Auf den Roman Sag nicht, wir hätten gar nichts von Madeleine Thien war ich schon das ganze Jahr gespannt. Meine Vorfreude sollte zum Glück nicht enttäuscht werden. Auf über 600 Seiten spinnt Thien eine Familien Saga und entführt den Leser auf eine erstaunliche Lesereise in das China der 1940er Jahre bis heute.
Das Familien-Epos porträtiert das Leben von drei Generationen nach den Jahren des Krieges und der Neuausrichtung des Staates China.

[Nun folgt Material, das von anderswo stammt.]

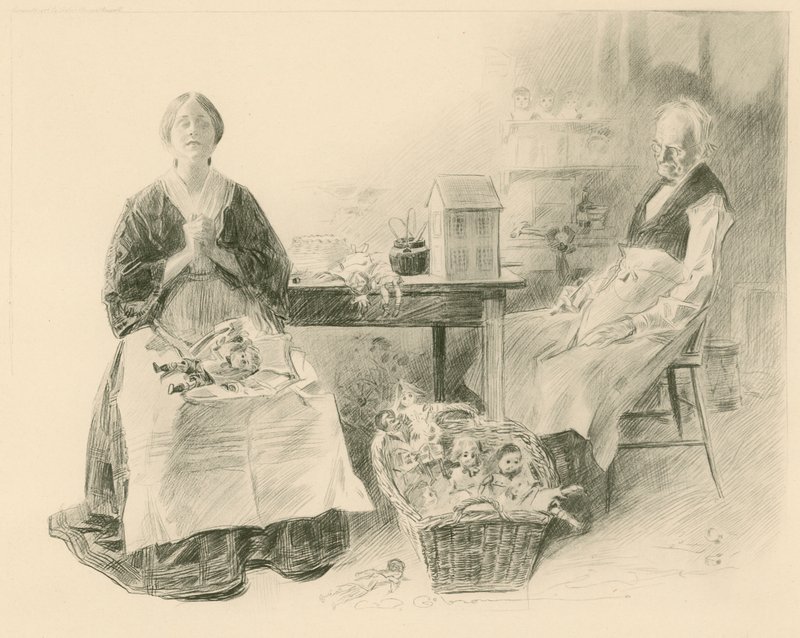 Caleb Plummer e Sua Figlia da Charles Dana Gibson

Geschichtliche Zeitpunkte, an denen der Roman spielt, sind die Massenkampagne „Großer Sprung nach vorn“ und ihre Auswirkungen, die Jahre während Maos Kulturrevolution und die Zeit der Proteste auf dem Platz des Himmlischen Friedens.
Der Roman beginnt aber in der Gegenwart und erzählt aus der Perspektive von Marie, die 1979 mit ihren Eltern nach Kanda gekommen ist. Nach dem Kennenlernen von Ai-Ming, die nach dem Tian’anmen-Massaker nach Canada zu Marie und ihrer Mutter geflohen ist, versucht nun Marie mit Ai-Mings Hilfe die Leerstellen ihrer Familiengeschichte zu füllen. Nach und nach wird die Vergangenheit ihrer und Ai-Mings Familie, die sich sehr nahe stand, erzählt. So begegnet der Leser einem bunten Ensemble an Charakteren, die er durch die Irrungen und Wirrungen der Zeit begleitet. Sie müssen sich den Grausamkeiten der Kulturrevolution anpassen und sich selbst dabei aufgeben, um ihr Leben zu retten. Diese schweren Einschnitte verdeutlicht Thien eindrucksvoll durch das Thema der Musik.
Es ist kein kurzweiliges Lesevergnügen für entspanntes Beinebaumeln. Die Geschichte erscheint an vielen Stellen langatmig und die komplexe Struktur der Erzählerstimmen verlangt volle Aufmerksamkeit beim Lesen. Thiens Roman ist eine Herausforderung, die sich aber lohnt.
Lieben Dank an den Luchterhand Literaturverlag für die Bereitstellung eines Rezensionsexemplars!